Mas, mesmo se uma atitude tão preconceituosa com relação a um inimigo oriental não tivesse sido
real, a maioria das pessoas pouco poderia saber sobre os campos de morte nazistas, e isso torna as
ruminações de Steiner ainda mais instrutivas. O elemento de ligação entre esses "diferentes planos de
tempo" é, naturalmente - para nós, que não estivemos lá - alguém que esteve lá, o que me traz de
volta a Sofia. A Sofia e, em particular, ao seu relacionamento com o SS Obersturmbannführer Rudolf Franz Höss.

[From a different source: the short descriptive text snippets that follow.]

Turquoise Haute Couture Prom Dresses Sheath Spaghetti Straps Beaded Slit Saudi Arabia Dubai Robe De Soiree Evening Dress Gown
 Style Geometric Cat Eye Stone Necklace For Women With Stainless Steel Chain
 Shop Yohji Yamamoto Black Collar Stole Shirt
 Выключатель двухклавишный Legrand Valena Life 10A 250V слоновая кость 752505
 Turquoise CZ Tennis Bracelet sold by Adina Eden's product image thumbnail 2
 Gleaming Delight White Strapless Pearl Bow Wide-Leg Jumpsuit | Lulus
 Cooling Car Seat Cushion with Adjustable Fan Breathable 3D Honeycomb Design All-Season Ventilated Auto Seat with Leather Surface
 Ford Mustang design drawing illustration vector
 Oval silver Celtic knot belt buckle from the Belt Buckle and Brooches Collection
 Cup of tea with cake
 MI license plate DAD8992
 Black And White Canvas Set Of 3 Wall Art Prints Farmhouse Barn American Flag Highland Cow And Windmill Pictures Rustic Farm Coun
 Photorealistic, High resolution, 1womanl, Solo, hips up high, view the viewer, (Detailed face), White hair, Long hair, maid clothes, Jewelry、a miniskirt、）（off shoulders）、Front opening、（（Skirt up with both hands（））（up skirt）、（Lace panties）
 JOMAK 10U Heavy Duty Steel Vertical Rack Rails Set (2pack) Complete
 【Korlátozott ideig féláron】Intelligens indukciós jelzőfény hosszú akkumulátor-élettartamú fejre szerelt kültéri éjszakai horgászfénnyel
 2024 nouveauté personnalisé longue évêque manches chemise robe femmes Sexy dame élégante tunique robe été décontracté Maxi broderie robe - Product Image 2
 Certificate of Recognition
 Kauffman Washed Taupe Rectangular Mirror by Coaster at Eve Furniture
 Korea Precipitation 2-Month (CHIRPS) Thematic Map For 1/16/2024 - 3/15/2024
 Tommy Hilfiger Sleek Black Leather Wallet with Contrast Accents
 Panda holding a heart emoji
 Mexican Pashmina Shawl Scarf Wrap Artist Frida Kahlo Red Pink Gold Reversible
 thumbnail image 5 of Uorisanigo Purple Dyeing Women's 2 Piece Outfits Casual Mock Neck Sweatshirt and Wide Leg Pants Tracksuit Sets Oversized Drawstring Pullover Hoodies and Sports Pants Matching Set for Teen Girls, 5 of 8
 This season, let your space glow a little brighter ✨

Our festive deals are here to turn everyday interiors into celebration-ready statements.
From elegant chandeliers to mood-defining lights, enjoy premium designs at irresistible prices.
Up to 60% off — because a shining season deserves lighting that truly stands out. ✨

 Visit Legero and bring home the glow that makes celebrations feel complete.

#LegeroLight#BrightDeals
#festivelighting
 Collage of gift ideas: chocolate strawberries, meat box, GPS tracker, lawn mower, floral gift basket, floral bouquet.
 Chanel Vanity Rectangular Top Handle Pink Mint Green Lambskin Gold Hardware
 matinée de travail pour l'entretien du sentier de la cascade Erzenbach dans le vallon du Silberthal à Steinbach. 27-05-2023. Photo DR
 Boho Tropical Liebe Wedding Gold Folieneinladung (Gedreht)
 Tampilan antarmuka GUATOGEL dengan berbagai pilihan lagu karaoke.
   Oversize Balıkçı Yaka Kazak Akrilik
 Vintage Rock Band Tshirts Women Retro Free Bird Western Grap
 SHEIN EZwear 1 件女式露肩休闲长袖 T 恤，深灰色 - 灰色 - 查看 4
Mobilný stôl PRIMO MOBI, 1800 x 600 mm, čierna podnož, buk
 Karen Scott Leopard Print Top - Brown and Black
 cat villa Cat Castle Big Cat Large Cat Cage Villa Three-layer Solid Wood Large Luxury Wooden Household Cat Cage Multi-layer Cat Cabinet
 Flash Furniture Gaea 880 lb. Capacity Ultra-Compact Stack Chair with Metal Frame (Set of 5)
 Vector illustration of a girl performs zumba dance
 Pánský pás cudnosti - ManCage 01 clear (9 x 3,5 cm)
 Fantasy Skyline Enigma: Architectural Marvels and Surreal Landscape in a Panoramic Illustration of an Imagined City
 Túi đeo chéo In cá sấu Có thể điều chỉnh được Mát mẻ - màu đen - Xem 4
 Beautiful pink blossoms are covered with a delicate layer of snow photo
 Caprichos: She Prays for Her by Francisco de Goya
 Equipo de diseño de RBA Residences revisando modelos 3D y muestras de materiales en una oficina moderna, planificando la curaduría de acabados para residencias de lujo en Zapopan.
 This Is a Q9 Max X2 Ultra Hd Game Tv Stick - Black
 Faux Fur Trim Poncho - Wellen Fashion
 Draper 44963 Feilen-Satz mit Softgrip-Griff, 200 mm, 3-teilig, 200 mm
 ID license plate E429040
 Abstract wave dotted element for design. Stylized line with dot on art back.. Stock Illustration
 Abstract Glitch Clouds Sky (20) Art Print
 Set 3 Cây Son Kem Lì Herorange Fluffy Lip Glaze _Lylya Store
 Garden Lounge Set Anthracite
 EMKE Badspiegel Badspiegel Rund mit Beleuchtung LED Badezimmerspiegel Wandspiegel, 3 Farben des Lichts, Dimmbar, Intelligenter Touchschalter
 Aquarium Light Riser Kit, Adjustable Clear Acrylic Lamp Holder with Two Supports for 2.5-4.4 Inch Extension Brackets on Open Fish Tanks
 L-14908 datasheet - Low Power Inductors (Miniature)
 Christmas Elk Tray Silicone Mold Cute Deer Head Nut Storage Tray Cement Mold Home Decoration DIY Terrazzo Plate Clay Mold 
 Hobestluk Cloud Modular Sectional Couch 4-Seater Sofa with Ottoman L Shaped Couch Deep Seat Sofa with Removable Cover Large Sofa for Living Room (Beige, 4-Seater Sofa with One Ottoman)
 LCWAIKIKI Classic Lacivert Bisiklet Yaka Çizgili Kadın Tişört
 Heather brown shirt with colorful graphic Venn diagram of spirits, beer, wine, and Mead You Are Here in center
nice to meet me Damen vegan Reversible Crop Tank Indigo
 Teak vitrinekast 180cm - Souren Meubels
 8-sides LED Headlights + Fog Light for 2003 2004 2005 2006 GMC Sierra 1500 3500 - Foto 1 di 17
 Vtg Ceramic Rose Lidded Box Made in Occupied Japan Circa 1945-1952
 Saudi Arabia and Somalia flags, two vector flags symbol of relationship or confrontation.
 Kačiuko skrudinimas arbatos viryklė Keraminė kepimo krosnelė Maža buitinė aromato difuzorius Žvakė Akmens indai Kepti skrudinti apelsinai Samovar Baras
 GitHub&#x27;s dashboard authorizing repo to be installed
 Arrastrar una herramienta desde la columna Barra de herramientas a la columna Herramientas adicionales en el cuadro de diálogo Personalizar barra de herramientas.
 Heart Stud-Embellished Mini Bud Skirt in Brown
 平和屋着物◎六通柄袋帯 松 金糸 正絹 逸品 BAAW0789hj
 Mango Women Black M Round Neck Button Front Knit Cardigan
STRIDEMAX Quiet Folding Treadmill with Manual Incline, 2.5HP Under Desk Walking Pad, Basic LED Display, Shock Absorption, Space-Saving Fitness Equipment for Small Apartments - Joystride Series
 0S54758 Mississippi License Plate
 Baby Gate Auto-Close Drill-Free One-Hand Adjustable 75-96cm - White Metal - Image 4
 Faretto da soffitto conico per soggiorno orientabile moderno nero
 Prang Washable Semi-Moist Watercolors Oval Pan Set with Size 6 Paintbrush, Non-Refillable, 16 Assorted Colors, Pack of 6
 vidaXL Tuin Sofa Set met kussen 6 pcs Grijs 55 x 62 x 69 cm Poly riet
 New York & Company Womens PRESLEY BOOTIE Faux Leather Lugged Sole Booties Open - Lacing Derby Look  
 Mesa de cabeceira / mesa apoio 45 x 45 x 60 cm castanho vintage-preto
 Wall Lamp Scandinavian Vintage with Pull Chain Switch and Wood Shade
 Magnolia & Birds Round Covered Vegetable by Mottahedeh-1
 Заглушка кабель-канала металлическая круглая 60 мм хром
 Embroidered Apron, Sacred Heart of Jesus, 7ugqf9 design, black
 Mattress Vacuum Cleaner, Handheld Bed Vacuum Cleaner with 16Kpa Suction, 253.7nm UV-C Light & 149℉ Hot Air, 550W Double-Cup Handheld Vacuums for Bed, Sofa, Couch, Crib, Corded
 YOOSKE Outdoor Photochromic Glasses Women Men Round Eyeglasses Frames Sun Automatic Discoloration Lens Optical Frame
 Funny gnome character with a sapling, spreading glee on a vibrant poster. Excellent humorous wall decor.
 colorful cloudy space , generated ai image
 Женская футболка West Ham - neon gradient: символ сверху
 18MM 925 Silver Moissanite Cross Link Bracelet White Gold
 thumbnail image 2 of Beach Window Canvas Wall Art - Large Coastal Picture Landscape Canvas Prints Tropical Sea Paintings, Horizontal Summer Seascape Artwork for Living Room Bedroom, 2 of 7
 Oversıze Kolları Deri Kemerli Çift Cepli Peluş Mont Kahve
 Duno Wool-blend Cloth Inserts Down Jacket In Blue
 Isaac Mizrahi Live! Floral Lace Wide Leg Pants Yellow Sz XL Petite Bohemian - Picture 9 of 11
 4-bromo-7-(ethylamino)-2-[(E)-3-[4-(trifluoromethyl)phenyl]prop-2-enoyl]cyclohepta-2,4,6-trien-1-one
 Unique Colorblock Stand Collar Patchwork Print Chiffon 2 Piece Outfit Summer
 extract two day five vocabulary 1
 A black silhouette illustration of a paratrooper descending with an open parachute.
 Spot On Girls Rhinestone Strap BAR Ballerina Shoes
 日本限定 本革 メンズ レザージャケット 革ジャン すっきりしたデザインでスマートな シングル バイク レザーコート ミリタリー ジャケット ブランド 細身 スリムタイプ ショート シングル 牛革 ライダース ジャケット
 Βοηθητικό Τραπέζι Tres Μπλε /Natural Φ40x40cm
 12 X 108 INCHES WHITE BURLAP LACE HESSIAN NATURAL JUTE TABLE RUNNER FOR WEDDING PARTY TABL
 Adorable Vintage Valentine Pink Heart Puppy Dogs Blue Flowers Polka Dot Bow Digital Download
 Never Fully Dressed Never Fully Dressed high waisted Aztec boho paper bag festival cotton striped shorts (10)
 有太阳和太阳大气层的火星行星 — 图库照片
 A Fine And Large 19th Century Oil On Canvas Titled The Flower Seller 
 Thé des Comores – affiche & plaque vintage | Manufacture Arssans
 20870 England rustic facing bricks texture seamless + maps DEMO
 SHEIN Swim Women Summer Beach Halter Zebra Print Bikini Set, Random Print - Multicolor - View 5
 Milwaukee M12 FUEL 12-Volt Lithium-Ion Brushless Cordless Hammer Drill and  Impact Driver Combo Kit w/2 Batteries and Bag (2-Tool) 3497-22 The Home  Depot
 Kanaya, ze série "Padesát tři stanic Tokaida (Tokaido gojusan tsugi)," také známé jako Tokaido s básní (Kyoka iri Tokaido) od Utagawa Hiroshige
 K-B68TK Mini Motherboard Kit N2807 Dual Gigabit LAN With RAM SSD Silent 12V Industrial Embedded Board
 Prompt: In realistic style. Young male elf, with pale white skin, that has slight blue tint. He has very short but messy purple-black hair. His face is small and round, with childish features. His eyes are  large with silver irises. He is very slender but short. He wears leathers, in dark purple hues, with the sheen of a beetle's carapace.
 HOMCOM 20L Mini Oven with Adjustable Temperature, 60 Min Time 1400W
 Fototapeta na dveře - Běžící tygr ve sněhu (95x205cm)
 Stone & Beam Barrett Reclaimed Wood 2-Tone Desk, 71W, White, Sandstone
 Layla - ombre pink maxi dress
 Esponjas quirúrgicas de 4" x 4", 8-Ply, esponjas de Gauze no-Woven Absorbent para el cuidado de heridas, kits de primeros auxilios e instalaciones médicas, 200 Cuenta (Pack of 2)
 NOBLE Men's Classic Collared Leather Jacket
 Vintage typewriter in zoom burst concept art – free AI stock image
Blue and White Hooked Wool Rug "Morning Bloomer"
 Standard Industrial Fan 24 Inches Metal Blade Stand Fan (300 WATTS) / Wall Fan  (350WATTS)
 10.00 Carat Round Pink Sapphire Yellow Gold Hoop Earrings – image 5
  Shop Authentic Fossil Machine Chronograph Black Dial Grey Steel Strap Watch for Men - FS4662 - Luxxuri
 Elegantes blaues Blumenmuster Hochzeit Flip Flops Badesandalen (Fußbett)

Já aludi várias vezes à relutância de Sofia em falar de Auschwitz, do seu silêncio a respeito
daquela fétida parte do seu passado. Como ela própria (conforme certa vez me confessara) tinha
conseguido anestesiar a mente contra as lembranças daquele período, não admira que nem Nathan nem
eu conseguíssemos saber o que acontecera com ela num plano cotidiano (principalmente durante os
últimos meses), além do fato evidente de que ela quase morrera de desnutrição e de mais de uma
doença contagiosa. Assim, o calejado leitor, acostumado ao perene festim de atrocidades do nosso
século, verse- á aqui poupado de uma crônica detalhada das mortes, dos espancamentos, dos
morticínios por gás, das torturas, das experiências médicas criminosas, das privações lentas, dos
ultrajes, dos acessos de fúria e outros, à semelhança das feitas por Tadeusz Borowski, Jean-François
Steiner, Olga Lengyel, Eugen Kogon, André Schwarz-Bart, Elie Wiesel e Bruno Bettelheim; para citar
apenas alguns dos mais eloquentes em expurgar o elemento infernal do seu coração. Minha visão da
estada de Sofia em Auschwitz é necessariamente particularizada, e talvez um pouco distorcida,
embora apenas honestamente.
Mesmo se ela tivesse decidido revelar a Nathan ou a mim os terríveis detalhes dos seus vinte
meses de Auschwitz, eu poderia ter sido constrangido a puxar o véu, porque, conforme George Steiner
observa, não é claro "que aqueles que não se envolveram inteiramente possam abordar tais agonias
sem ficar marcados". Devo confessar que durante muito tempo me preocupou a sensação de ser um
intruso no terreno de uma experiência tão bestial, tão inexplicável, tão indiscutivelmente exclusiva
daqueles que sofreram e morreram, ou sobreviveram a ela. Uma sobrevivente, Elie Wiesel, escreveu:
"Os romancistas têm feito livre uso (do Holocausto) nas suas obras... Ao fazer isso, baratearam-no,
tiraram-lhe grande parte da sua substância. O Holocausto transformou-se num assunto quente, na
moda, capaz de atrair atenção e obter um sucesso imediato..." Não sei se isso é válido, mas tenho
noção desse risco.
Contudo, não posso aceitar a sugestão de Steiner de que a resposta é o silêncio, de que é
melhor "não acrescentar a trivialidade do debate sociológico, da forma literária, ao inenarrável".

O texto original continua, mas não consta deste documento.